In a strange twist of logic, it’s actually easier for me think it’s God when I feel compelled to give up something. Why is it so hard for me to believe God wants to bless me with a resort vacation or a bigger house? Why is it easier for me to embrace a call to deprivation rather than plenty?
I see the Father’s heart towards the poor. Maybe I just have a harder time seeing he has the same heart towards me.
Maybe it seems unjust that I should enjoy abundance when others don’t have enough. But God is a God of justice, and it isn’t my job to balance the scales.
With God it’s never a zero sum game.
God isn’t calling me to solve the world’s problems. He’s just asking me to do what he says and trust him with the rest. In God’s economy obedience trumps sacrifice.
It’s easy to judge others for either not having enough faith or for being so heavenly minded they’re no earthly good. “Radical” faith looks different for different people in different seasons. With God it’s never one size fits all.

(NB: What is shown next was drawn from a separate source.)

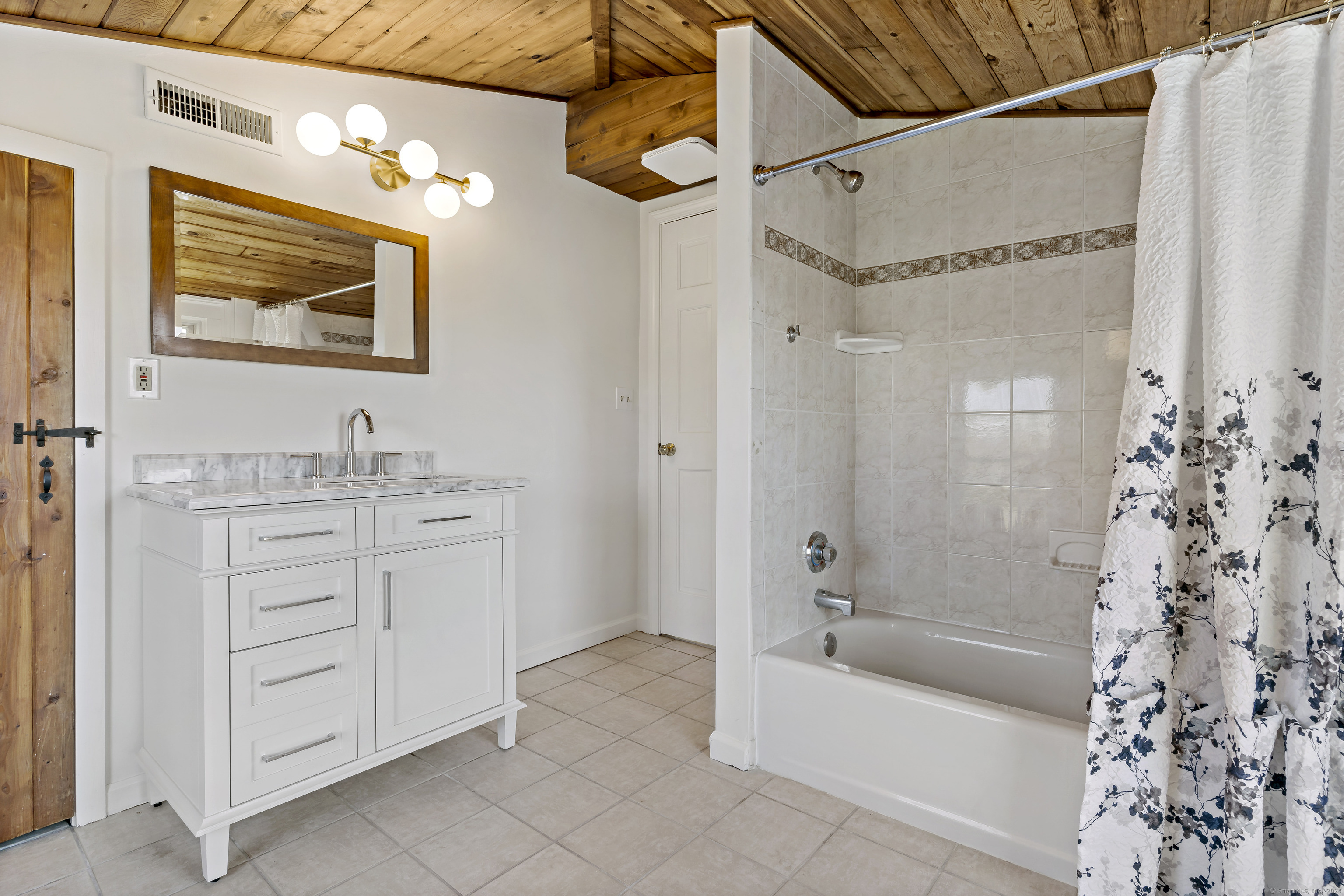 14 2nd Avenue Branford, CT 06405 - Photo 22 of 29 a bathroom with a granite countertop sink a mirror a bathtub and shower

Radical faith doesn’t mean you check your brains at the door. It doesn’t mean you ignore financial principles and spend money you don’t have. Radical faith means you obey God no matter what. And sometimes that means spending money you don’t have, but he has.
When your friends are downsizing, stuffing hard earned dollars into Dave Ramsey envelopes, looking for Financial Peace, it’s hard to explain God saying upsize and spend.
But financial peace isn’t about money in envelopes, under the mattress, or in my 401k. Financial peace is just part of the peace that comes from a life surrendered. Whatever that looks like at the moment.
Where are you in the downsizing movement? Do you think God ever calls us to have more rather than less? Which is easier to obey?
Starting this week, we’re hosting Dave Ramsey’s Financial Peace University in our home. Have you taken his class? What do you think about it?